Because we are accustomed to arranging everything—even abstractly—into before and after.


4. The illegitimate move

At this point, a familiar move appears.

We say:

  • “this cut happens before that one,”
  • or “this instantiation follows that one.”

But notice what has just happened.

Time has been reintroduced—quietly—through ordering language.

No justification has been given for why the cuts are ordered.

It has simply been assumed.

So we name the move:

treating cuts as ordered without specifying the condition that makes ordering possible.

This is the illegitimate move.


5. Sequence requires construction

If sequence cannot be assumed, it must be produced.

So the question becomes:

what would it take for a set of cuts to become a sequence of cuts?

This is not a question about time.

It is a question about the construction of order under constraint.

For sequence to exist, at least three conditions must be met:

  1. Differentiation — cuts must be distinguishable
  2. Relational constraint — not all orderings are permitted
  3. Stabilisation — the ordering must hold across instantiations

None of these are guaranteed.

Each must be produced.


6. Sequencing without time

We can now state the inversion:

sequence is not given by time; time is what appears when sequencing stabilises.

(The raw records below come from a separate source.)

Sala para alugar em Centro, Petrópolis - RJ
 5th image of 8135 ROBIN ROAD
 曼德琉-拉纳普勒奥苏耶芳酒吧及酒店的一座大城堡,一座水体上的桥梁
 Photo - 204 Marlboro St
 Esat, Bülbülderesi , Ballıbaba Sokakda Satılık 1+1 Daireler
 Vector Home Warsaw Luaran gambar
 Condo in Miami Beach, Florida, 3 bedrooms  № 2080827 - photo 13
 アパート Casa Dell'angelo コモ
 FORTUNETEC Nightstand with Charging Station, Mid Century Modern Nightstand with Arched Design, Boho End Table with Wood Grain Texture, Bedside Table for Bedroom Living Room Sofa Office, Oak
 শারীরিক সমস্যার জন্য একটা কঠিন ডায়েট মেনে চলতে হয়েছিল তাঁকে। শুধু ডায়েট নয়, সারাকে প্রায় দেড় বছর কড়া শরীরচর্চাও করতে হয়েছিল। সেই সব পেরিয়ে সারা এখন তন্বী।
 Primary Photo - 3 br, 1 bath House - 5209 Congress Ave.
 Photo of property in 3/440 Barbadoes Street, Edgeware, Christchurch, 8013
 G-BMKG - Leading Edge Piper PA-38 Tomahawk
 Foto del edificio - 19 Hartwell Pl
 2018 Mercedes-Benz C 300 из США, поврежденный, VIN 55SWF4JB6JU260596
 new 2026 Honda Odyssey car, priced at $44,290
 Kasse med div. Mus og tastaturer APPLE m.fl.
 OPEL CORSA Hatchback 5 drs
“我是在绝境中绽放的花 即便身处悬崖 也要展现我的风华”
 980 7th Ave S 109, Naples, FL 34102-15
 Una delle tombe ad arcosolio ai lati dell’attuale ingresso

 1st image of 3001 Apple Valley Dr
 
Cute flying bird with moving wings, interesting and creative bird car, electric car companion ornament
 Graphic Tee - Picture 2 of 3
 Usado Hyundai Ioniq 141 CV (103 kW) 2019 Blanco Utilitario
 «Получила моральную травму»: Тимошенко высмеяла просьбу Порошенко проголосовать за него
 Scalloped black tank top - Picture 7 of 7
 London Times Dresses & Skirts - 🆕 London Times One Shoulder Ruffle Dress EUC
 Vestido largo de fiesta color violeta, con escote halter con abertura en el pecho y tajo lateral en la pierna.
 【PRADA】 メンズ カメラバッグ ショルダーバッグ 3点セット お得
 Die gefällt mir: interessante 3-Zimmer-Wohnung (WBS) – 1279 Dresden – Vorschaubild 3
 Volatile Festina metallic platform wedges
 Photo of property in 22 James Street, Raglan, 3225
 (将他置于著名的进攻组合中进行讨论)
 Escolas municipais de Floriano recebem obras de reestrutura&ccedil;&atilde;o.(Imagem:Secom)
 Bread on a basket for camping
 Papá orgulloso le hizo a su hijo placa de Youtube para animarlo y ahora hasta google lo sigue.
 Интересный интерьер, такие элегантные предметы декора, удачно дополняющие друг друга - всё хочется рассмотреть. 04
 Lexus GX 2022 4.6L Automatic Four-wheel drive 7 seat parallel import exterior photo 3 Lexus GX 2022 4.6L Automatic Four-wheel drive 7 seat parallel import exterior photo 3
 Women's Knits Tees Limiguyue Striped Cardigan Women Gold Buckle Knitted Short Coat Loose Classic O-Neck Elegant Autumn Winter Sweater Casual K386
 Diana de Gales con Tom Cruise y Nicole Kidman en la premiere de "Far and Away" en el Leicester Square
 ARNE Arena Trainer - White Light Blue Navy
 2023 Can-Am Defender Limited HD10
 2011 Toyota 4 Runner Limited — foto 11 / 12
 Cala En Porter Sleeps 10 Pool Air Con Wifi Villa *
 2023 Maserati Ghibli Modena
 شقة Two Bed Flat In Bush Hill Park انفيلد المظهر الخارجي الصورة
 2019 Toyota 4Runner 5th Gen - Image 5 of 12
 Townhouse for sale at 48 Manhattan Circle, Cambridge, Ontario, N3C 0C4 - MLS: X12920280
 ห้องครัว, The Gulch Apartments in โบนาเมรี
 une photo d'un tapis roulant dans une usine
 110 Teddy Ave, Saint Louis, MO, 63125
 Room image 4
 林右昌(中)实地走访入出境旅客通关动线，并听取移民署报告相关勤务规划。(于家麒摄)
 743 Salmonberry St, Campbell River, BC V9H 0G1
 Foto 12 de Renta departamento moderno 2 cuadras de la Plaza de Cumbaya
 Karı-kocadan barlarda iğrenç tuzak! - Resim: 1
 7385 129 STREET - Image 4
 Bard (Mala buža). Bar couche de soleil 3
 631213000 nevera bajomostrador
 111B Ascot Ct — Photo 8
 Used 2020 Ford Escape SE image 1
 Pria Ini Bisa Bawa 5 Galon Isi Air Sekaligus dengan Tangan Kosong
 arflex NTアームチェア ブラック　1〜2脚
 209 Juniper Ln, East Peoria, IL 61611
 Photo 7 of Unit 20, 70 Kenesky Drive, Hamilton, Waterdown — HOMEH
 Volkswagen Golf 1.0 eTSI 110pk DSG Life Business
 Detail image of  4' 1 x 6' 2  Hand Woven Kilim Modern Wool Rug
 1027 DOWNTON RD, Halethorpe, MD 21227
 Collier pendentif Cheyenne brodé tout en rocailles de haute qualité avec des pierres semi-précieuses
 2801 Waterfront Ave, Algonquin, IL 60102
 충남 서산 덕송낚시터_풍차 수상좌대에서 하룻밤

This reverses the usual dependency.

Not:

  • time → allows sequence

But:

  • stabilised sequencing → allows time to be construed

So sequence is not temporal.

It is a condition for temporality.


7. Where this fails

At this point, the construction is incomplete.

We have:

  • cuts,
  • constraint structures,
  • construal stabilisation,

and a requirement:

sequencing must be produced from these without presupposing time.

But we do not yet have:

  • a mechanism of ordering,
  • a principle of direction,
  • or a condition under which one cut can be treated as “after” another.

So the framework now faces its first real test.

Because without these, there is no sequence.

And without sequence, there is no time—not even as artefact.


8. The actual problem

We can now state the problem cleanly:

what distinguishes a sequence of cuts from a set of cuts, if time is not already available?

This is not a rhetorical question.

It is the point at which most accounts quietly fail—by reintroducing time in the answer.

If that happens, the project collapses into circularity.


9. Transition

So we begin with absence.

  • no time,
  • no sequence,
  • no order.

Only:

  • cuts,
  • constraints,
  • and construal.

The next step cannot assume sequencing.

It must produce it.

Which means the next question is unavoidable:

what kind of constraint could make one cut depend on another without invoking time?

That is where the series either begins to construct something new—

or reveals that it cannot proceed at all.